À cette cause principale se sont ajoutés d’autres facteurs. Il y a eu de fortes accélérations transversales durant le passage de la courbe du Betteck. Il y a eu des moments de gîte résultant des effets dynamiques dus aux mouvements de la cargaison dans les citernes et des flux dimensionnels autour de la coque du bateau avec formation de zone de dépression sur le côté tribord. « Additionnés, les moments de gîte résultant du passage de la courbe mais aussi des mouvements de la cargaison et du sloshing, ainsi que les flux tridimensionnels autour de la coque du bateau du côté tribord, ont dépassé le moment de redressement maximal possible, de sorte que le bateau chargé de manière non conforme a chaviré à tribord de 180o », explique le document de WSV.de.

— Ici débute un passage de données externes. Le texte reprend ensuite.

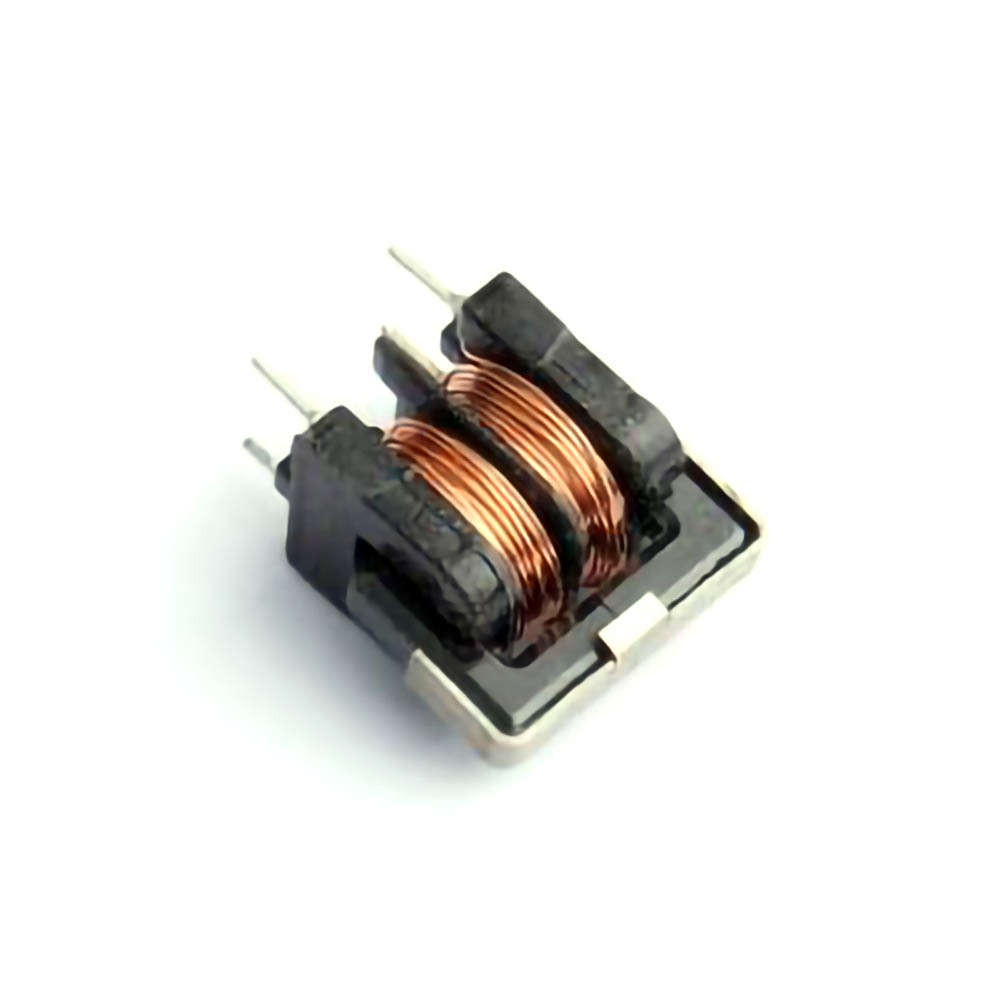 YDUU9.8-153L0301 UU9.8 15mH @1KHz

Des cloisons centrales longitudinales ou non

Après la description des causes de l’avarie, les experts de la commission d’enquête présentent des recommandations. Le rapport suggère « l’obligation à court terme de posséder et d’utiliser un équipement AIS et ECDIS intérieur ». Il faudrait aussi « introduire une interdiction de dépassement applicable aux bâtiments et convois au niveau de Betteck, de Bankeck et de Tauberwerth sur le Rhin moyen lorsqu’est atteinte la marque de crue 1, en raison des vitesses élevées du courant ». Le rapport propose aussi de signaler le secteur entre Oberwesel et Saint Goar comme étant une « Caution Area » afin d’attirer l’attention des bateliers sur les spécificités de la zone. Plusieurs préconisations portent sur la formation des bateliers notamment concernant la stabilité des unités aussi bien en cale sèche qu’en cale citerne ou l’utilisation des calculateurs de chargement.

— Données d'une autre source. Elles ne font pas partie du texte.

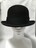 ◇未使用品《Fuji Hat/フジハット》ダービーハット 黒 L◇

Le rapport conclut sur la question, « largement discutée dans les milieux spécialisés », de la nécessité ou non de cloisons centrales longitudinales à bord des bateaux-citernes à double coque. La commission d’enquête « ne juge pas nécessaire » de tels dispositifs. Le document de WSV.de rappelle que les bateaux-citernes à double coque de la navigation intérieure sont fondamentalement sûrs, « sous réserve que soient respectées et appliquées les prescriptions relatives à la stabilité figurant dans l’ADN et que soient pris en compte, lors du chargement du bateau, les calculs de stabilité correspondant à ce bateau, lesquels ont été contrôlés par la société de classification ». Pour les experts de la commission d’enquête, les dispositions de l’ADN 2011 relatives à la stabilité et les prescriptions complétées par l’ADN 2013 offrent un niveau de sécurité comparable à celui assuré par la présence de cloisons centrales longitudinales. « Par conséquent, il convient de laisser aux propriétaires concernés le choix entre l’une ou l’autre de ces options. »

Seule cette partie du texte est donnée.